Cibanco s’occupe de la plus grande crise institutionnelle de sa transformation en banque: après avoir été indiqué par le département du Trésor américain, facilitant les opérations de recyclage de l’argent pour les organisations criminelles, diverses sociétés et fiducies de placement dans le secteur immobilier (fibre) ont commencé à être déconnectés de l’institution et ont remplacé sa confiance dans les structures clés.
Le coup d’État à sa réputation a mis en danger l’une de ses principaux sections d’activité: l’administration du syndic, une activité dans laquelle pendant des années elle a maintenu une position exceptionnelle dans le système financier mexicain, car pratiquement un quart du secteur dans le secteur bancaire multiple se concentre.
La détérioration commence également à avoir un financement automobile, un autre des domaines dans lesquels Cibanco avait consolidé des opérations pertinentes par le biais d’alliances avec des agences et des armateurs du monde entier, car selon des sources consultées par JourDivers distributeurs ont temporairement suspendu l’origine des crédits auprès de la banque et ont choisi de transférer leurs prêts avec d’autres intermédiaires.

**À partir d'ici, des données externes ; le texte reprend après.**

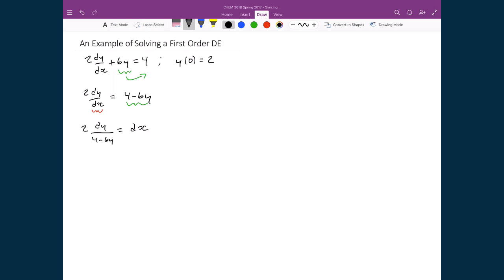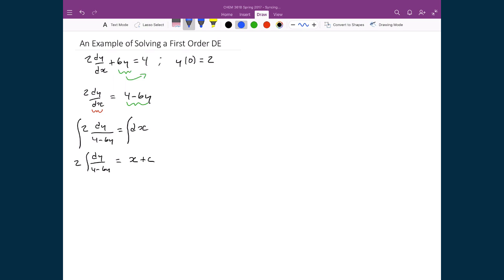On the left-hand side we now have everything in terms of y, and on the right-hand side everything in terms of x. We can integrate both sides. I'll put the 2 on the outside of the integral on the left, and on the right I'll integrate dx, which evaluates right away to x plus c, my constant of integration.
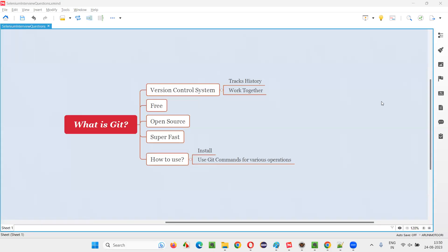Hello, all. Welcome to this session. In this session, I am going to answer one of the Selenium interview questions. That is, what is Git? Let me answer.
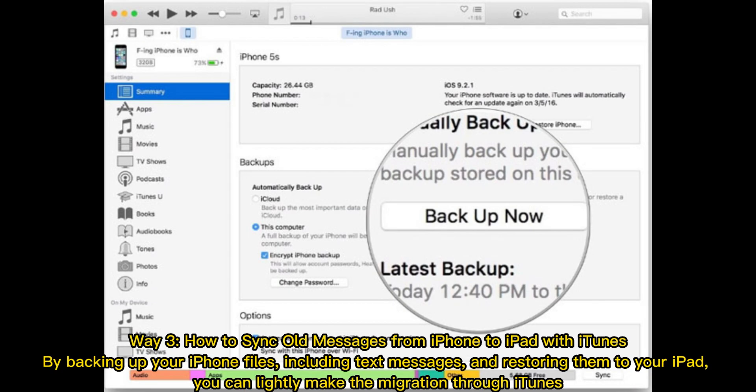Way 3: How to sync old messages from iPhone to iPad with iTunes. By backing up your iPhone files, including text messages, and restoring them to your iPad, you can easily make the migration through iTunes.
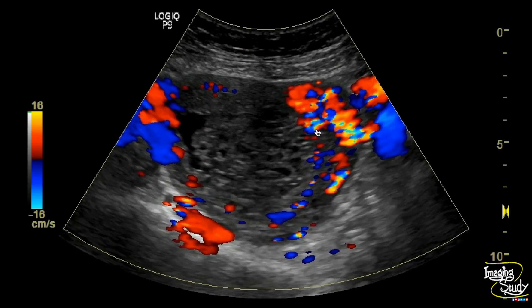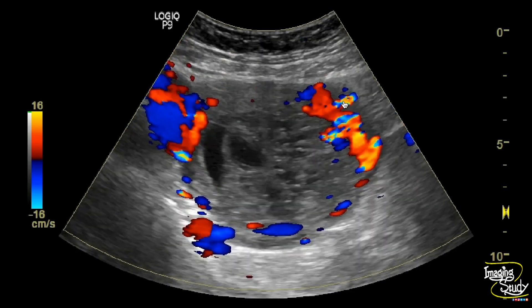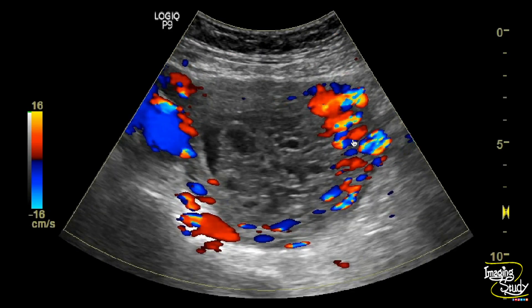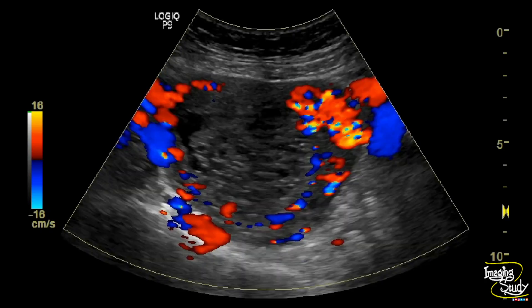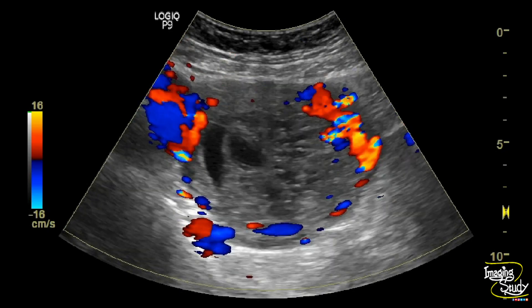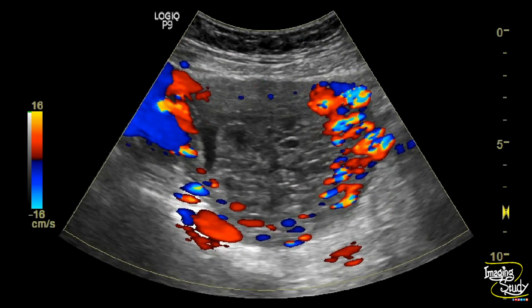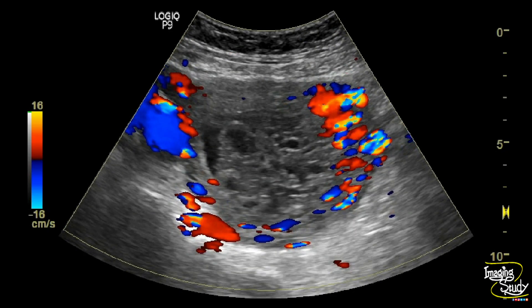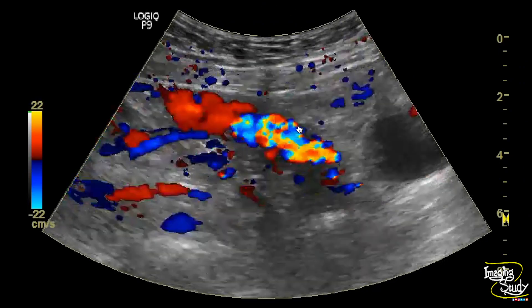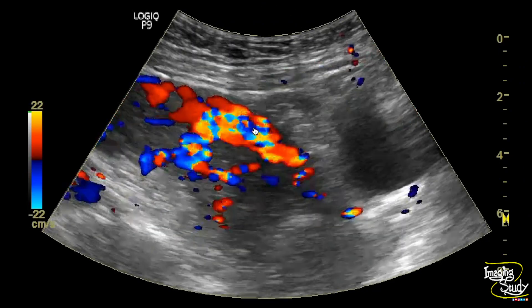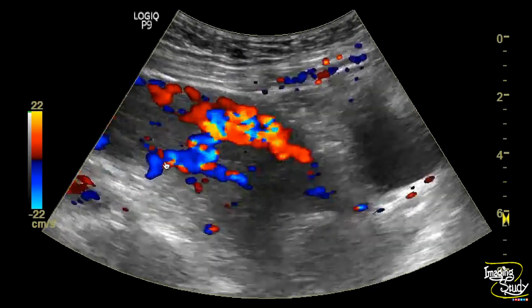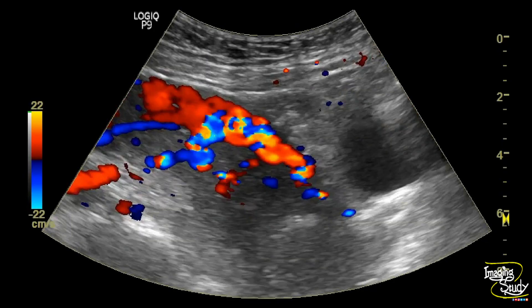On this transverse section you can see these tornado vessels — or lacunar vessels — at the left anterolateral part, bridging the molar tissue to the myometrium, indicating invasion. Here is the longitudinal view at the left lateral aspect where you can see these tortuous vessels, and this is the uterine artery supplying these tornado vessels.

Ce qui précède, en raison de l’incertitude qui existe sur la continuité opérationnelle de la banque et du contrôle auquel il est soumis par les autorités mexicaines et américaines, ont confirmé les sources.
Les données les plus récentes de la National Banking and Securities Commission (CNBV) sont en mai, il n’est donc pas encore possible de savoir s’il y a eu des pertes de clients dans l’entreprise.

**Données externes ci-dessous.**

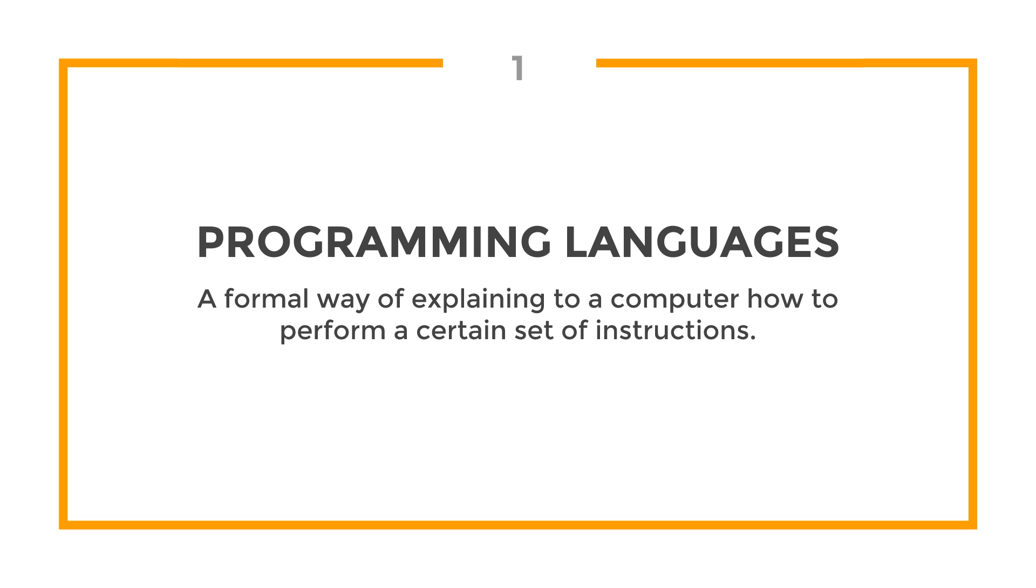Just like in English or French, a programming language has grammar or syntax rules. For example, in English, to indicate the end of a sentence, we use a full stop or period, whereas in C++, to indicate the end of a line, you would use a semicolon.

Cependant, dans une déclaration envoyée aux banques opérant au Mexique – à laquelle ce véhicule a accès – le 30 juin, après l’intervention de la banque, l’autorité met en garde que la mesure a été prise parce que l’institution, avec intercamètre, a dû faire face: la difficulté à accéder aux ressources nécessaires pour opérer, fournir ou couvrir les obligations, qui impliquent des risques élevés dans sa liquidité; Restrictions pour les transferts internationaux; Pension de ressources par les déposants; Annulation des investissements et des opérations bancaires et des fiduciaires et innoté des fonds d’investissement des actionnaires.
Cependant, avec les informations disponibles du CNBV, il est possible d’observer qu’entre 2023 et 2024, Cibanco a perdu plus de 13 000 clients qui avaient un compte d’acquisition actif.
Le consultant international (CI) a été fondé en 1982 en tant que maison d’échange de compagnie et après 26 ans, il est devenu une institution bancaire multiple.
Faire confiance à la production
Après le coup d’État institutionnel, l’activité de confiance se casse progressivement. Les entreprises et les investisseurs ont lancé un énorme exode: Terrafina, Fiber Inn et Fiber Shop ont officialisé leur retrait de Cibanco en tant que fiduciaire, choisissant plutôt des institutions telles que Actinver et HSBC.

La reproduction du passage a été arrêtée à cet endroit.